Caramelised Onion and Cocoa Yogurt Dip
It’s not only National Vegetarian Week, but it’s National Yogurt Week too. Being both vegetarian and passionate about yogurt, I couldn’t let this go without a post. Nayna over at simply food recently mentioned making a caramelised onion and yogurt dip at an event. I was immediately struck by this excellent idea and thought I’d try and create my own version – with a chocolate twist, of course.
Middle Eastern food is fabulous for vegetarians and with my Egyptian connections I am particularly fond of it.
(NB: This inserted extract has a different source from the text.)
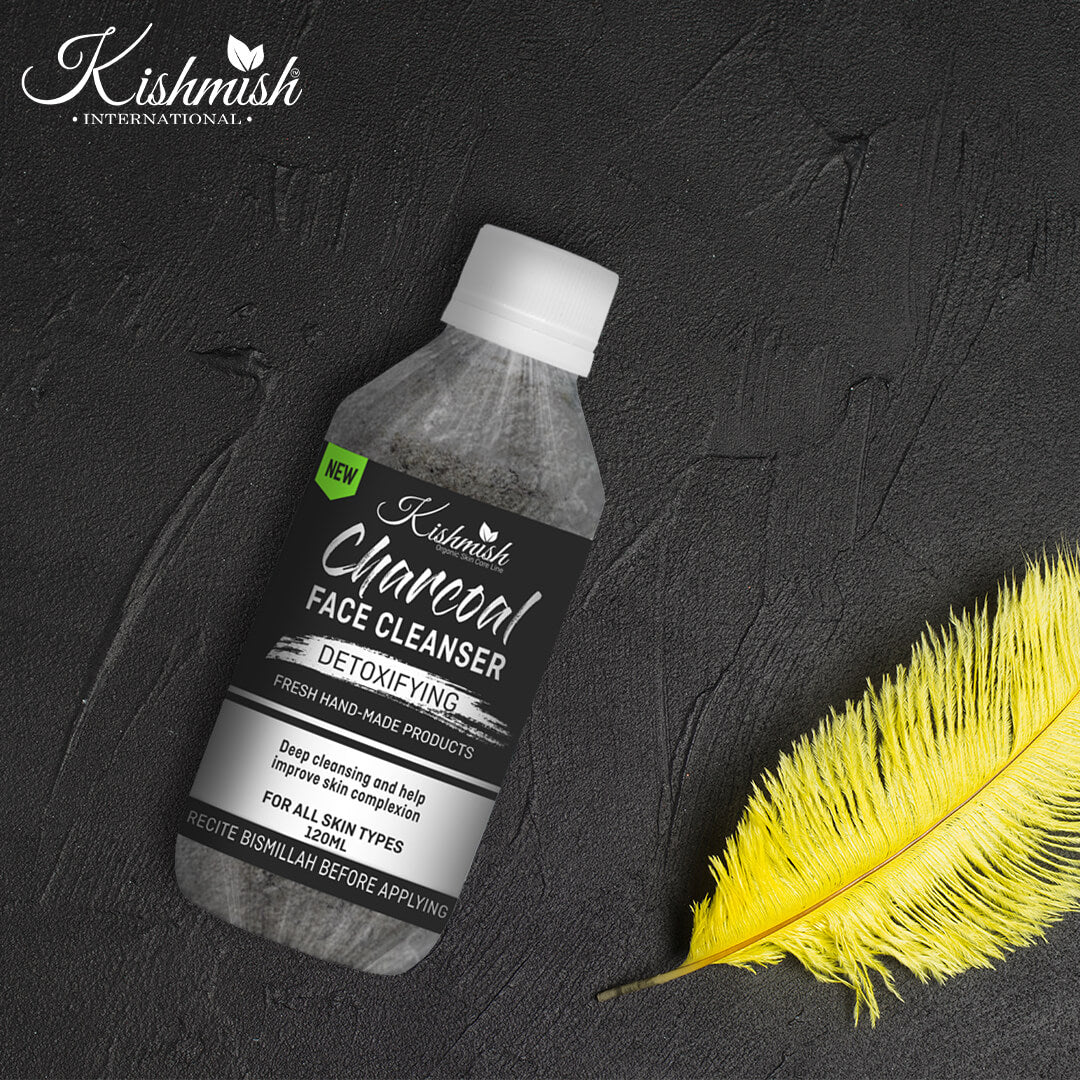 Charcoal Face Cleanser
I’d been planning on having a mezze type meal for a while and this yogurt experiment seemed like the perfect time to do it. I made tabbouleh, roasted vegetables with sumac and halloumi and served with flatbreads. Like love and marriage, the yogurt dip was a fitting companion. The sweet onions together with the sour and creamy yogurt combined well with the umami notes from the paprika and chocolate. I can see this becoming a regular visitor to our table.
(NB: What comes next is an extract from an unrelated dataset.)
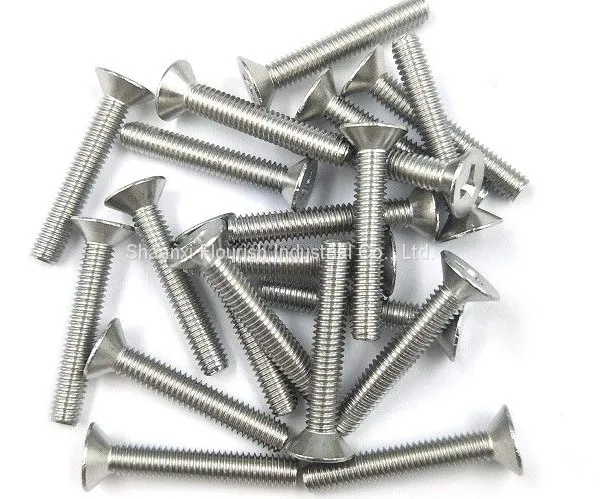 Carbon Steel / Stainless Steel Hardware Screws For Automobile Industry photo-3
The top photograph was my entry to the Yogurt Council’s Food Stylist Competition where our very own Karen from Lavender and Lovage is one of the judges. I don’t hold out much hope, but thought I’d give it a go.
- 1 large onion
- 1-2 cloves garlic
- 250 g Greek yogurt
- a couple of good gratings 100% chocolate
- ½ tsp paprika
- a good pinch sea salt
- 1-2 tbsp olive oil
- Slice the onion finely and fry very gently in a frying pan over low heat with the olive oil and salt for twenty minutes or so. Add some finely chopped garlic after about 10 minutes. Stir occasionally and remove from the heat when the onion is caramelised with crispy bits. Allow to cool.
- Stir most of the onions (with any remaining oil) into the yogurt together with the paprika and one grating of chocolate.
- Scatter the remaining onions over the top together with the second grating of chocolate.